Let’s assume that the next administration, and Congress, all agree that Trump’s weaponization of the Justice Department – using it to punish political enemies – was a bad thing and can’t happen again.
How do they go about doing that? We (and they) can’t rely on the good will of a future president – we see how well that worked out.
Can this be done through legislation? What would the wording of such a bill be like? Or do they need a complete re-organization of the DOJ?
Anything that can be done through legislation can be undone through legislation, so that only protects the DoJ so long as there’s no Trump-like person in office.
Amending the Constitution to make the DoJ strongly independent would be better protection, but still not absolute, if a later amendment gets enough support.
But you also have to establish a culture in the DoJ, from the top to the bottom, that they simply do not bow to political pressure, of any sort. Prosecute based on the facts alone, and damn the President.
Amendments are so hard to enact; a second amendment to repeal the first would be even less likely. I’m in favor of this approach. It goes on my lengthy list of fixes to the Constitution that are needed to make sure this Never Happens Again.
The problem with this, at least as I read it, is that it’s a form of giving up. Let’s take a realistic best case scenario* of the Democratic candidate winning in 2028. In order to change the culture, that POTUS would have to purge all of Trump’s lackeys. If those lackeys are following a “simply do not bow to political pressure of any sort” standard, that means they get to stay in their positions despite the Democratic POTUS not wanting them there.

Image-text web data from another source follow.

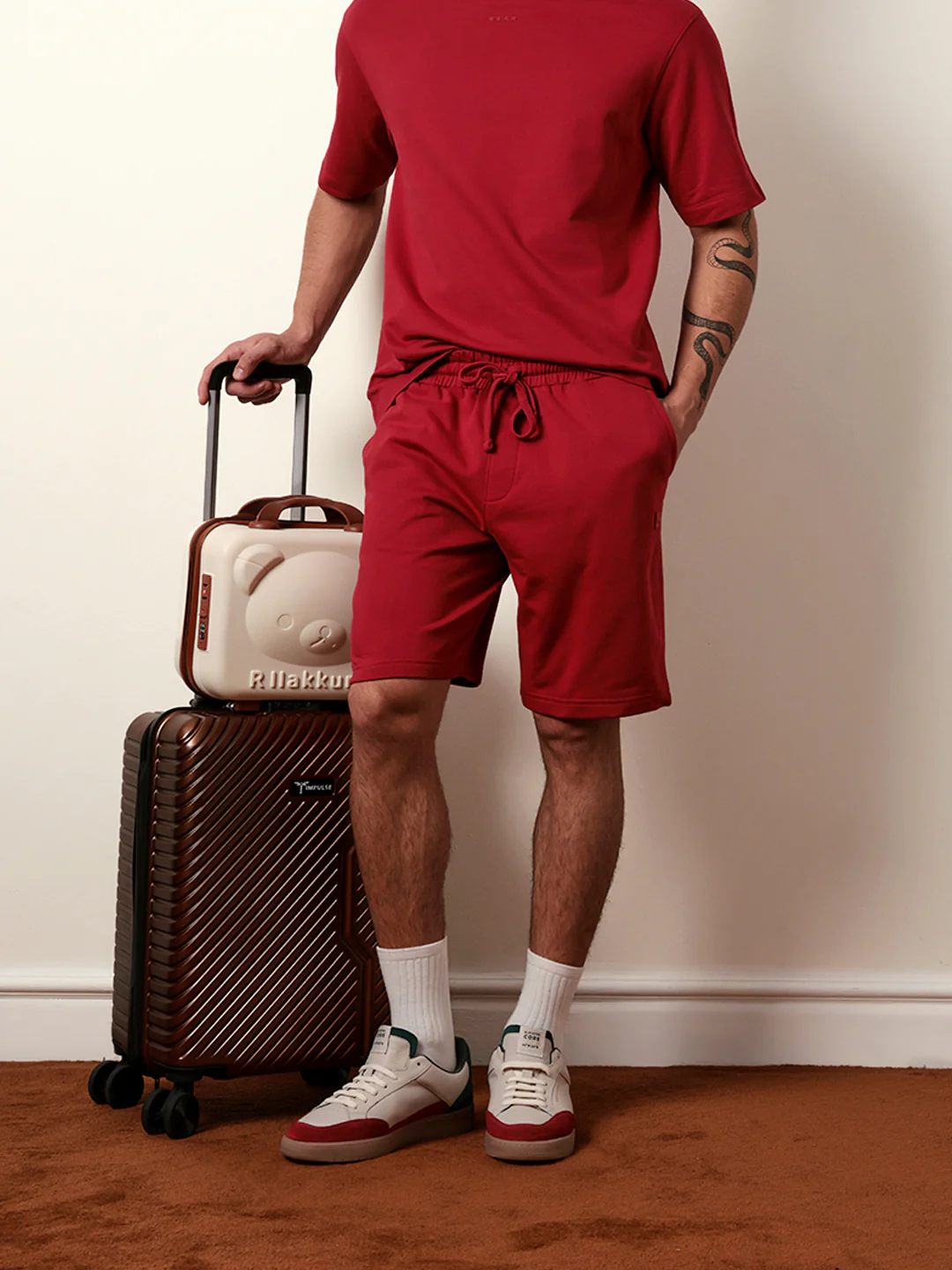 Men Solid Cotton Shorts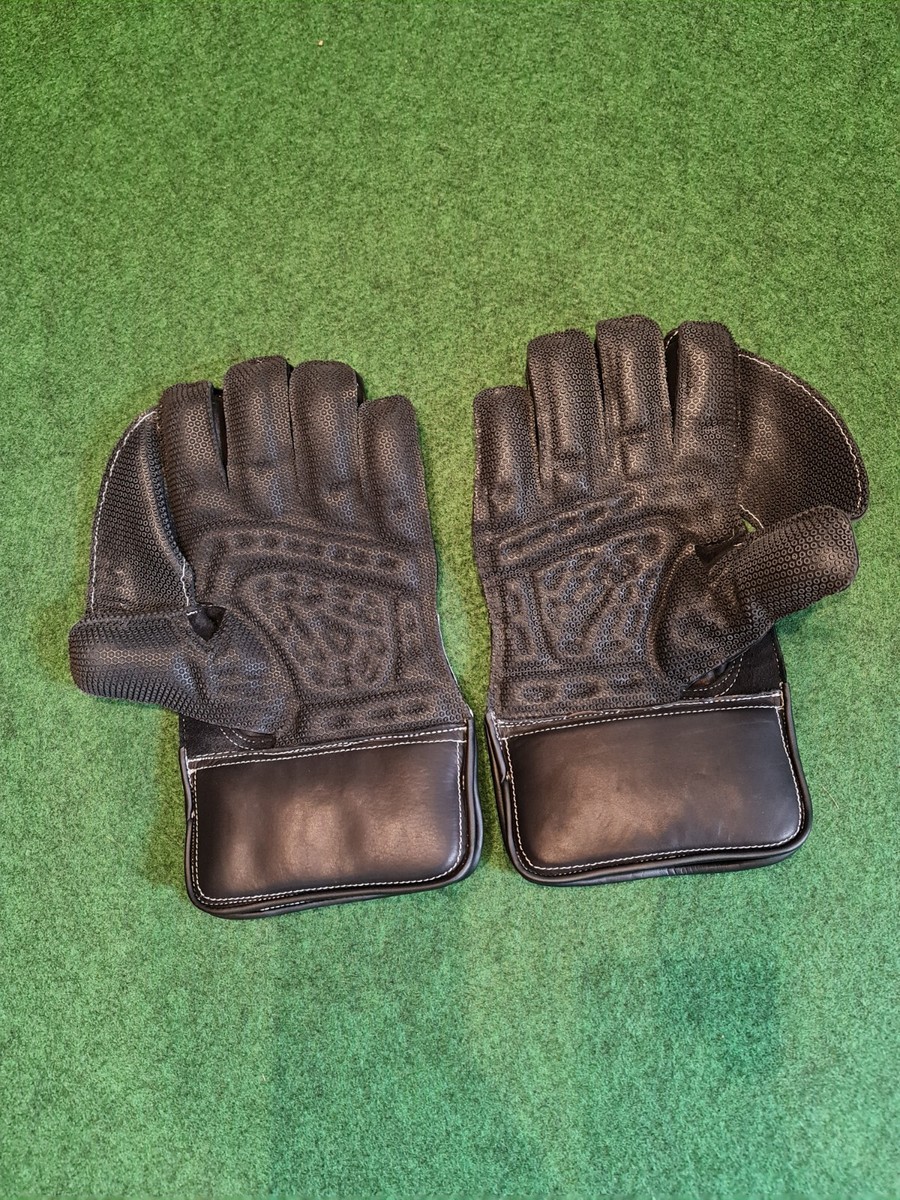 Gants De Gardien De Cricket ARKS – Cuir Aniline – Taille L Homme – Protection Impact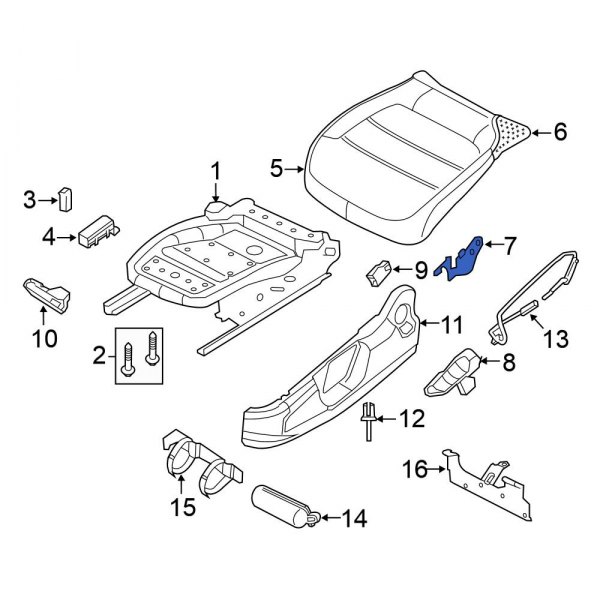 Seat Track Adjust Handle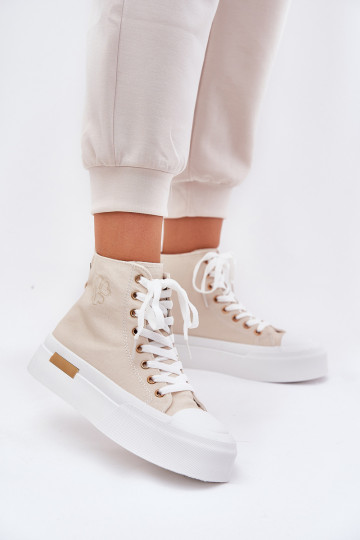 Freizeitschuhe mit Sohle Feminin mit einer Plattform Beige Laviriona 2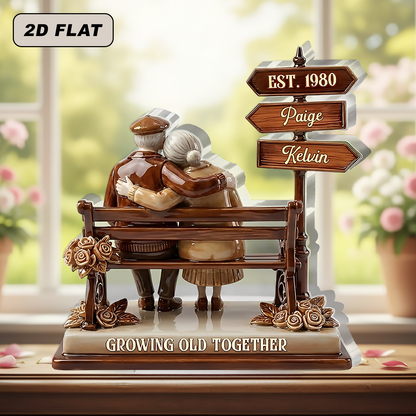 Growing Old Together - Personalized Acrylic Plaque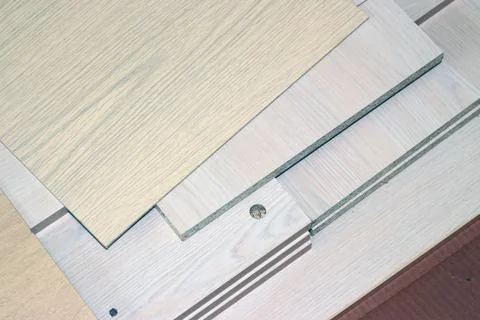 Assembly of the table Foto stock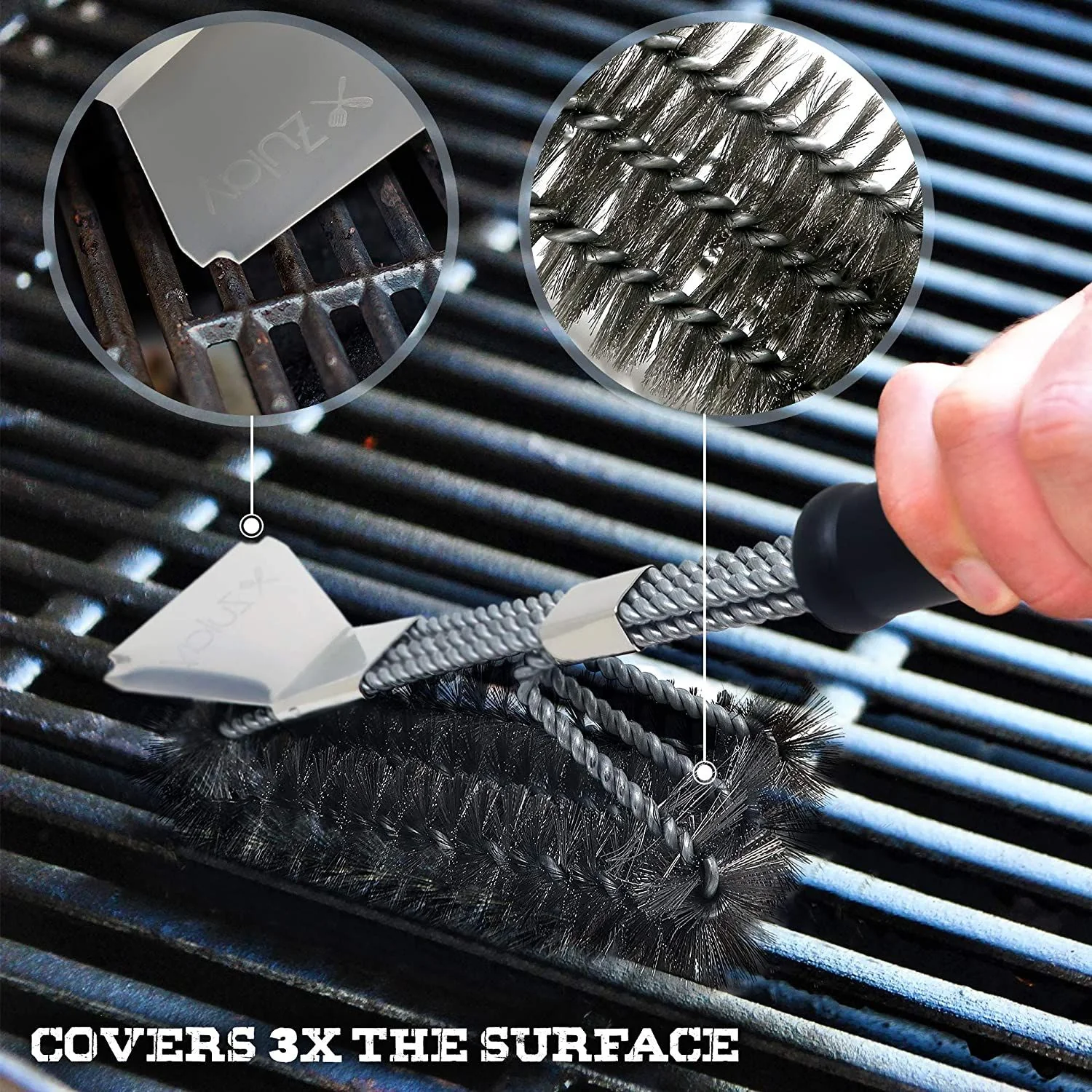 Heat Boss Grill Brush - Image 5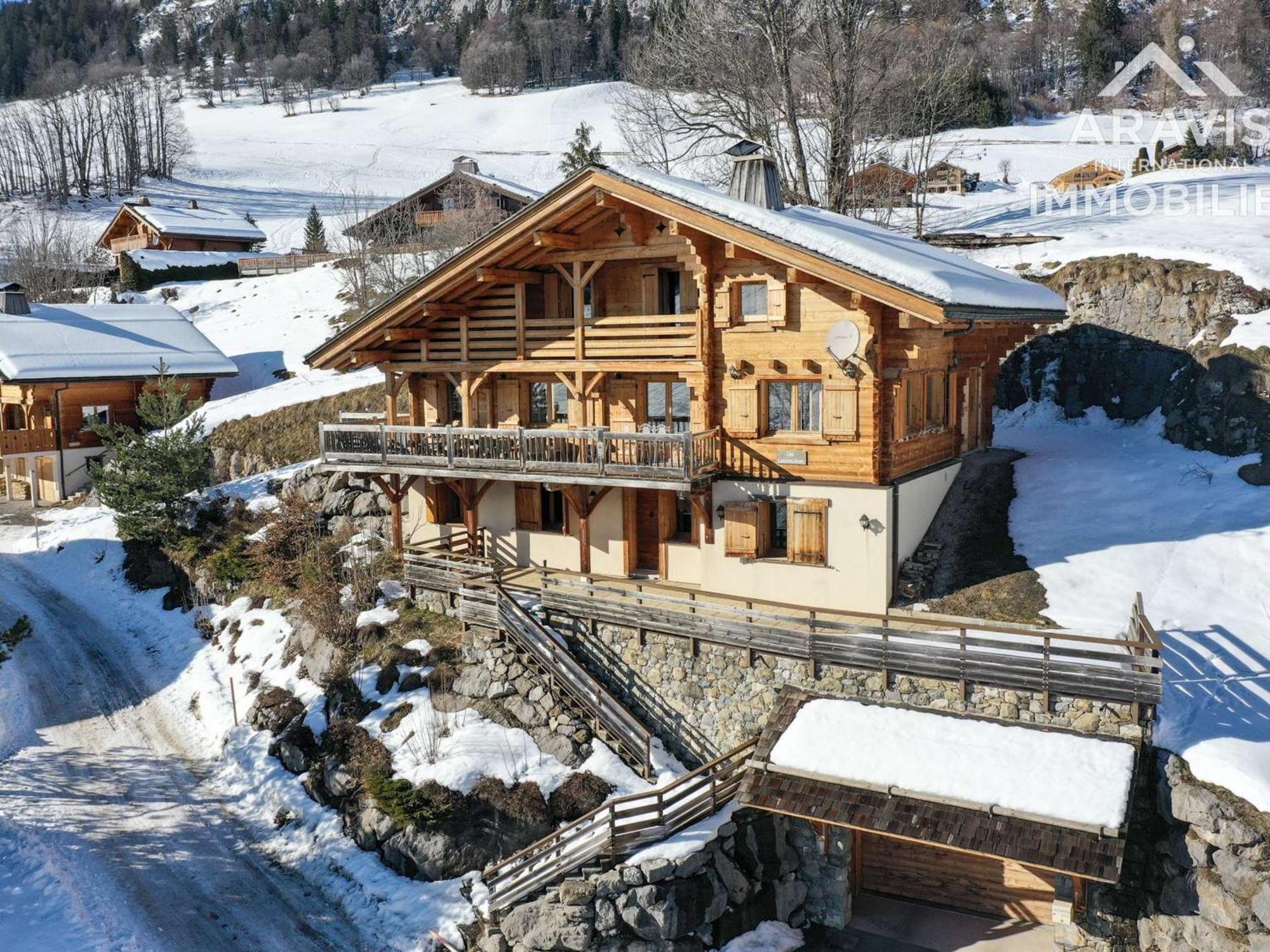 Chalet Independant Spacieux, 18 Pers, 7 Chambres, Wifi, Proche Commerces! - Fr-1-391-29 Le Grand-Bornand Exterior photo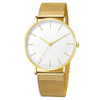 Wholesale Men's Watch Alloy Case Stainless Steel Strap Round Dial Quartz Watch Simple Fashion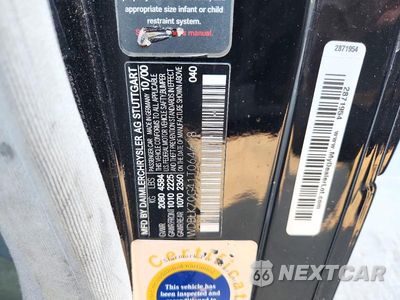 Zdjęcie 12 z 12 samochodu: 2001 MERCEDES-BENZ CLK 430 VIN:WDBLK70G41T064618 - miniatura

I don’t know what would have to be done to keep a fixed DOJ from being broken again. I do know that in order to fix it (and therefore to keep it from breaking again), Trump’s lackeys need to be purged.
*. Although even in the unrealistic best case scenario of Democrats taking both the House and Senate after the 2026 mid-terms, impeaching and convicting Trump and Vance, and thus making Hakeem Jeffries POTUS, the above would still apply.
Reform SCOTUS. I think that’s 90% of the problem. Maybe 99%. A truly independent, non-political SCOTUS would have stopped most, if not all, of the violations of due process and rule of law that have occurred under this administration.
The president will just keep firing people who do not do his bidding till he finds one that does.
That culture can be wiped out very fast.
I think the solution is an amendment that breaks the hold the executive has over justice which really should be a wholly independent branch of government (it already is supposed to be but the president controls the DOJ…therein lies the problem). The president can appoint people on a pre-defined schedule and that’s it. No firing people he doesn’t like on a whim.
And somehow fix how judges are appointed and confirmed. That is well and truly broken. When the senate decided to refuse to have hearings over a judge Obama nominated you know the system is broken.
Yes, which is why I also said you’d need to establish a DoJ that is “strongly independent”. It won’t be the current DoJ with a new paint job. Yes, you’ll likely have to fire a whole lot of the current staff, and fundamentally re-build it. Appointments to management positions should not be made by politicians, or political appointees. DoJ should be in complete control of their own hiring, and should almost exclusively promote from within. There should be minimum standards in place regarding how long a person should have done Job X before being considered for Job Y. Appointment to the top job should be made by a committee of the senior DoJ leadership, guided by such guidelines.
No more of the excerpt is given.